All the failings in the system that led to this awful situation are in the past and cannot be undone, but we have to be sure that the public have confidence not just in their medical practitioners, who have done a phenomenal job through covid, but in the processes and in our ability as parliamentarians to do our job. Now, in 2021, why are the Government continuing to perpetuate that wrong? They are compounding the pain and suffering that the families have endured at the hands of the state’s failure to regulate private pharmaceutical companies properly. It feels very much like profit over people. We do not want to hear, and I know that my constituents do not want to hear, “We’re in litigation; we’re engaged in a legal process.” That is all very well, but the Government have a duty to implement the recommendations of the report that they commissioned.
All I would say to the Minister and the Health Secretary is that they have the opportunity to right a wrong.

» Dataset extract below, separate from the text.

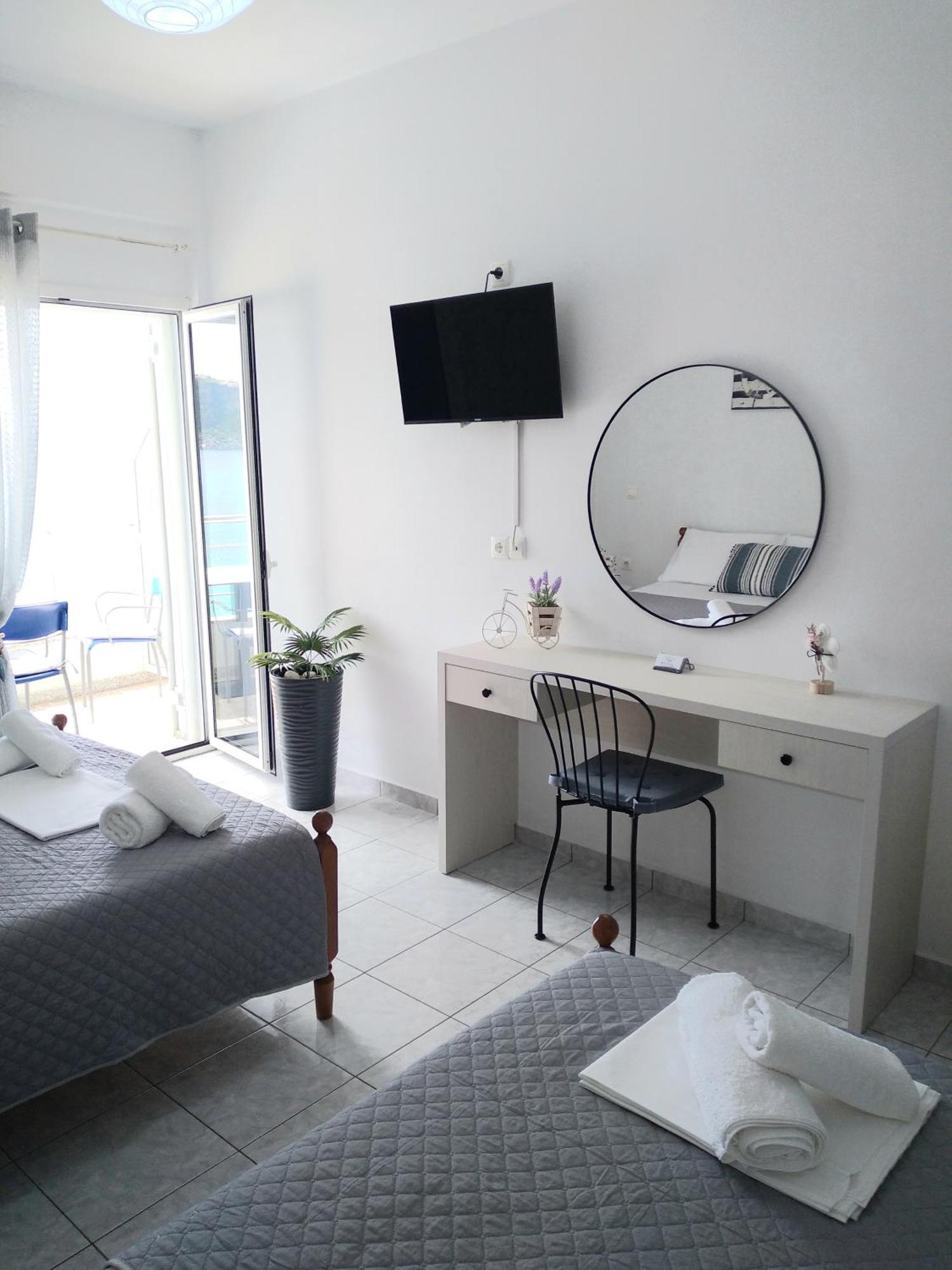 Nadim Rooms ฮีมาเรอ ภายนอก รูปภาพ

Let us not continue down the road of defensiveness and turning our back on those victims who have waited decades—literally lifetimes—to get answers and justice. Ministers should do the right thing and give them the justice and the recompense that they deserve.

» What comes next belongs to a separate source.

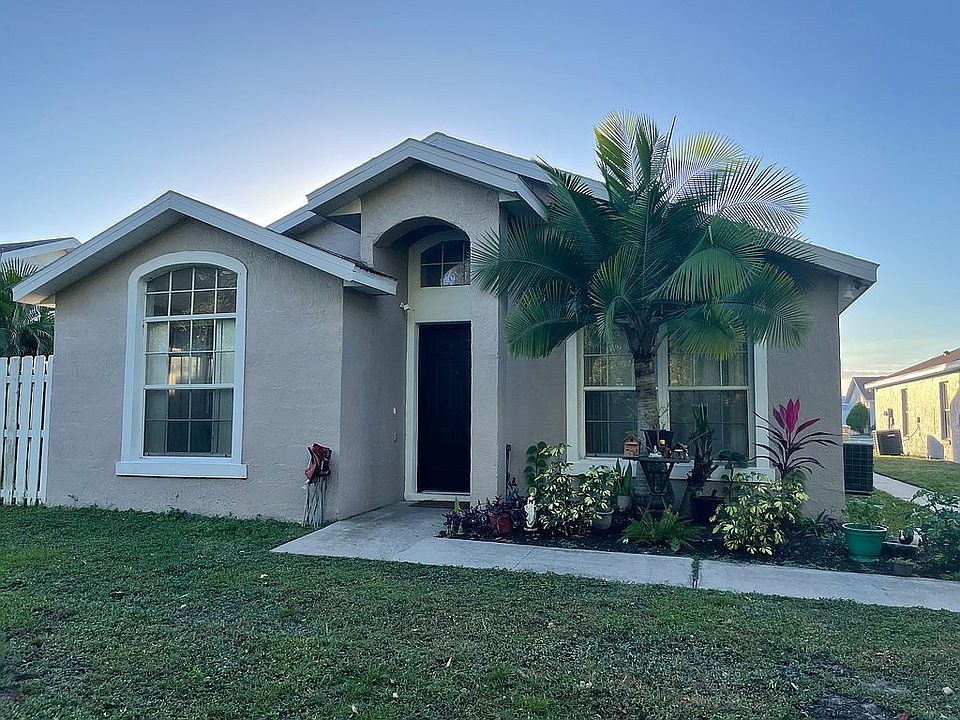 1st image of 2404 Harbor Town Dr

I congratulate my hon. Friend the Member for Kingston upon Hull West and Hessle (Emma Hardy) on obtaining this debate. I am chair of the all-party group on hormone pregnancy tests, which contains 135 MPs. This is just one of the countless times I have stood on the Floor of this House on behalf of thousands of victims affected by the hormone pregnancy test drug Primodos to plead with this Government’s Ministers to do the right thing. I have used most of my Prime Minister’s questions and Health orals on this issue. Some 1.5 expectant women in the UK were prescribed Primodos, a hormone-based pregnancy test used in the 1960s and 1970s that caused them to have babies with malformations and disabilities, to have miscarriages and to have stillbirths. For decades, these families have been dismissed and have been told repeatedly that despite all the evidence of a cover-up, it is all in their heads and there is no link. So imagine my relief, and theirs, when one year ago today the Cumberlege review was published. It was the most comprehensive assessment of all the evidence on the hormone pregnancy tests and it said very clearly that Primodos caused avoidable harm. The report exposed widespread systemic failings, where warnings were ignored. For hundreds of Primodos families across the country who had campaigned for the truth and closure, the conclusion of this report was a significant moment of recognition. The review also said that had Primodos been removed from the market in 1967, when concern was first raised, many of these families would not have endured the decades of suffering. It was also very clear that compensation should be made available for these people.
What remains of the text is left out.